# Truck Backup Camera Install (long)



## snsgraham (May 18, 2004)

Here is my review for the installation and first impression of the Roadmaster VRBCS300W wireless backup camera. This camera retails for $139 but Costco has them for $89 right now, a pretty good deal.

Installation time should have been around 4 hours as I wanted mine wired through a switch on the dash of my pickup. Actual install time ended up being 14 hours, at no fault of the camera system, but because of two faulty switches (!) and an intermittent power source that I had selected to power the camera and LCD display. What a headache this one was to figure out! If it were not for a good digital ohm meter and a separate 12 volt power source I would still be trying to get the system working.

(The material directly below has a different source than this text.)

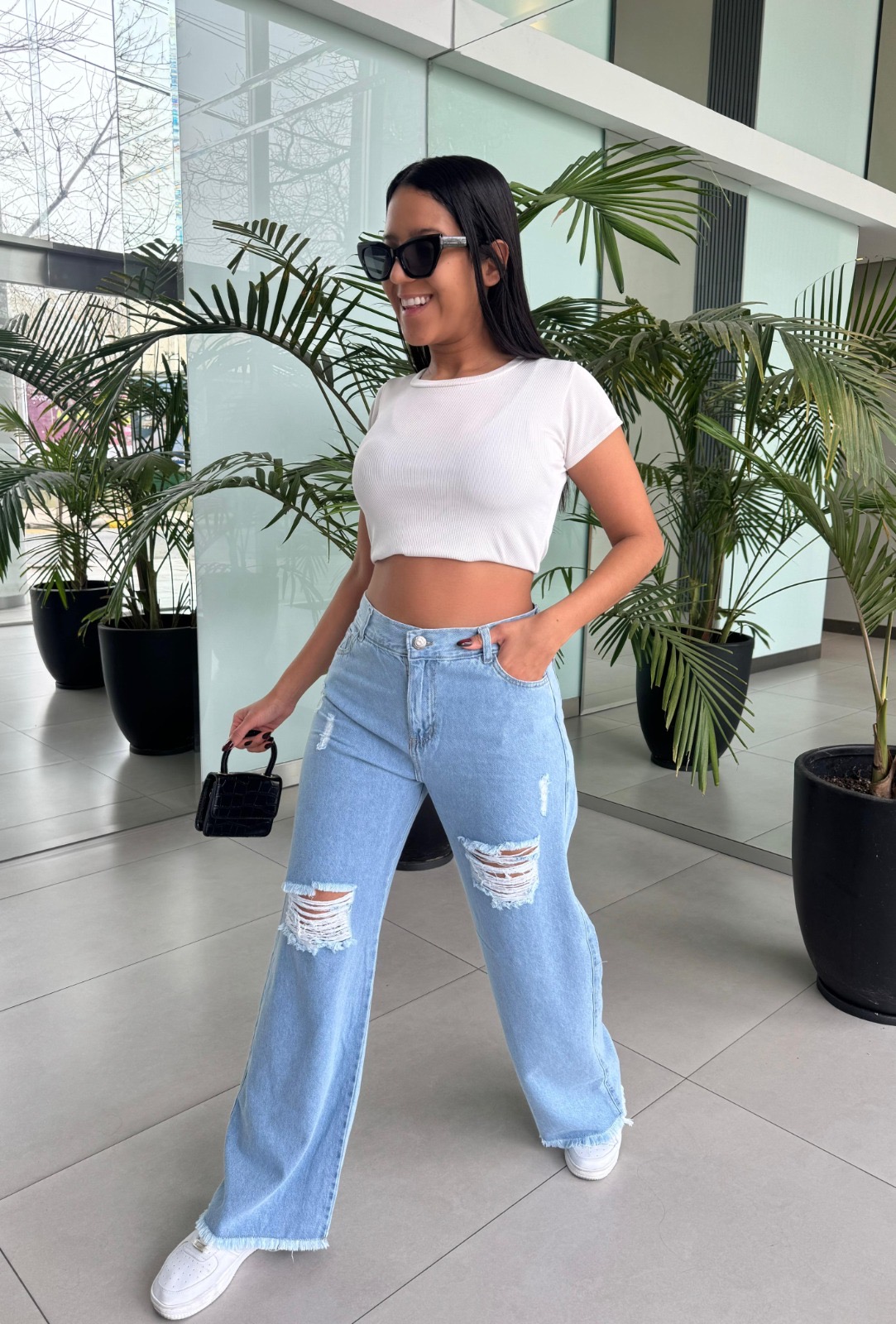 URBAN  I WIDE LEG CELESTE RIGIDO CON ROTURAS Y DESFLECADO EN BOTA TIRO ALTO TALLES 36 AL 54 ANA CLARA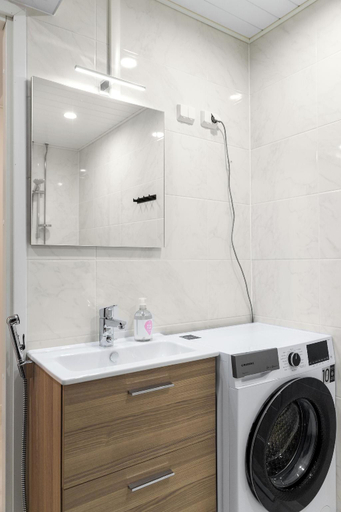 Bathroom 2, Forenom Serviced Apartments Pori Antinkatu, Satakunta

The camera mounted on the license plate is designed to use the wire feeding the backup lights near the taillights for power. Being wireless, it sends the picture to the display using radio signals and there is no need to run any wires back to the cab.
The display could use the same backup light wire under the dash and the supplied pigtail, or you could elect to use the included cigarette lighter plug and manually turn the display on and off. Using the backup light circuit to power the system would make it all work whenever you shifted into reverse. Very cool!
But, I want to be able to use the camera whenever not just in reverse. So I needed to power mine differently. What I did was supply power from under the dash, through a switch, and then to the both the camera and the display. This of course meant running a power wire from under the dash back to the camera on the license plate.
The display comes with a little stand and some Velcro to dash mount it but I wanted it to sit on the back of the sun visor. That way I could just flip the sun visor down and have the display right in front of me at eye level. The rest of the time it would be out of sight and harms way.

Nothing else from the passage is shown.